-- Data follows --

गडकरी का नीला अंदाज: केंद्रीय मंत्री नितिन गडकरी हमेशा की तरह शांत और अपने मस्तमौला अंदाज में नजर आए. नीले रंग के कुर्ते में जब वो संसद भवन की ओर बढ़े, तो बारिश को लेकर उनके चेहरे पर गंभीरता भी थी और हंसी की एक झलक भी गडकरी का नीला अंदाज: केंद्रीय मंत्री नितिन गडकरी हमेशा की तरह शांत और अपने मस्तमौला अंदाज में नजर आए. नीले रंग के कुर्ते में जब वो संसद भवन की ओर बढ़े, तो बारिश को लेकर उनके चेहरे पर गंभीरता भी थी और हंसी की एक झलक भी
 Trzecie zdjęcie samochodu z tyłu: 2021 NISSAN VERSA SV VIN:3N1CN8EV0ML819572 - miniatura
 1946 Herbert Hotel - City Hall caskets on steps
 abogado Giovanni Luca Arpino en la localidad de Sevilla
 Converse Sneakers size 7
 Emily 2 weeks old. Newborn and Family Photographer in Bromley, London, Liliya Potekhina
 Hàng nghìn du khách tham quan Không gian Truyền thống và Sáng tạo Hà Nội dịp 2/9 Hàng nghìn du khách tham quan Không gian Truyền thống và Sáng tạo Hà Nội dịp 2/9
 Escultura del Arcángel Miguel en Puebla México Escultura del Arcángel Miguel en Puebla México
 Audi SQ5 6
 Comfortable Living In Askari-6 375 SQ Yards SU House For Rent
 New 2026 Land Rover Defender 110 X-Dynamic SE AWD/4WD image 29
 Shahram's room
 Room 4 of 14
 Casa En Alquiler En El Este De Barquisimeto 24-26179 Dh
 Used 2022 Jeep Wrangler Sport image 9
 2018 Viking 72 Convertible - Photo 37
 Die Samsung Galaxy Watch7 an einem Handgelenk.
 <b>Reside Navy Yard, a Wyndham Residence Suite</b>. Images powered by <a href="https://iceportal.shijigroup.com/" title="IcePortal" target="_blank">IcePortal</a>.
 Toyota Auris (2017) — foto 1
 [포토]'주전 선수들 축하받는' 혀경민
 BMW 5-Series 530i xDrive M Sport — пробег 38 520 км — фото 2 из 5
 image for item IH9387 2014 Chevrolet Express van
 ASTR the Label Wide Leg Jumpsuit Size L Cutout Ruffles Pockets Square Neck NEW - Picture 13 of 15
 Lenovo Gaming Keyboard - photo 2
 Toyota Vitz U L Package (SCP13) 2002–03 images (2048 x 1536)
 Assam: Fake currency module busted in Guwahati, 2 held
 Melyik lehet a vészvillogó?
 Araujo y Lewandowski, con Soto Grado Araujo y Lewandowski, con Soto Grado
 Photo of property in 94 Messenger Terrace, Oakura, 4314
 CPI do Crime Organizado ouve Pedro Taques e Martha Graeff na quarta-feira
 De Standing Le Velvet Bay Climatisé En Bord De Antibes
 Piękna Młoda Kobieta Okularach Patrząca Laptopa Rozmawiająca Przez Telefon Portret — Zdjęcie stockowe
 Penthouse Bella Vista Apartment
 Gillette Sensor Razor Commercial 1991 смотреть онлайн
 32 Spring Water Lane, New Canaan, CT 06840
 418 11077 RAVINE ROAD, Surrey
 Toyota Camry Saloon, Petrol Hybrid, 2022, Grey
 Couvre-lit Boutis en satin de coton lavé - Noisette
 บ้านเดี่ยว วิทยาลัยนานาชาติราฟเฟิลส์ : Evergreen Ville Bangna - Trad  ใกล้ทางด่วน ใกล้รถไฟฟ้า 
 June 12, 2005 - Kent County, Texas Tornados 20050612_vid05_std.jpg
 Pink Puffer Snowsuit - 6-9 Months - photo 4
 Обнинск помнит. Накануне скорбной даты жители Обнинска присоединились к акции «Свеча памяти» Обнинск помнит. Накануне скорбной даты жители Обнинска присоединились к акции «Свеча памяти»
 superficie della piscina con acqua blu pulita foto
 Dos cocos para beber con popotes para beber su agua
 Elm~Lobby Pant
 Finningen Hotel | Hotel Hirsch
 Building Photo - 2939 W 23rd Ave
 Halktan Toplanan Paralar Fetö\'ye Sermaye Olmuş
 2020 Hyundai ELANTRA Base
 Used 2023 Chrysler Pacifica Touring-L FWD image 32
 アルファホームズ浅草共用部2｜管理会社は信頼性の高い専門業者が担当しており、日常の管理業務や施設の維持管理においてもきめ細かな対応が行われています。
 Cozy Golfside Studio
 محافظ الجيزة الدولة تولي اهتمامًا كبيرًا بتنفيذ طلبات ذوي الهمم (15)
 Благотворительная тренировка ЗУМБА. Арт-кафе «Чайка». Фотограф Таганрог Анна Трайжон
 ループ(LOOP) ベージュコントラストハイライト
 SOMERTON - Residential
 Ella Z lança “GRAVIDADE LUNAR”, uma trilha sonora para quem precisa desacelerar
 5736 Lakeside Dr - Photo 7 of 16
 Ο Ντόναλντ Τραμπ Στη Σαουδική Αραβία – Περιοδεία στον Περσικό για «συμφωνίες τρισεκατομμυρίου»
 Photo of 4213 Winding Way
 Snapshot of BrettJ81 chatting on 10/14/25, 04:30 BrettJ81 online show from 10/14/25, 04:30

-- Data concluded --

▶ Task directions: Of the lines above, extract only those from the line with "Elm~Lobby Pant" to the line with "محافظ الجيزة الدولة", both included, exactly as written.

▶ Response to the exercise:
 Elm~Lobby Pant
 Finningen Hotel | Hotel Hirsch
 Building Photo - 2939 W 23rd Ave
 Halktan Toplanan Paralar Fetö\'ye Sermaye Olmuş
 2020 Hyundai ELANTRA Base
 Used 2023 Chrysler Pacifica Touring-L FWD image 32
 アルファホームズ浅草共用部2｜管理会社は信頼性の高い専門業者が担当しており、日常の管理業務や施設の維持管理においてもきめ細かな対応が行われています。
 Cozy Golfside Studio
 محافظ الجيزة الدولة تولي اهتمامًا كبيرًا بتنفيذ طلبات ذوي الهمم (15)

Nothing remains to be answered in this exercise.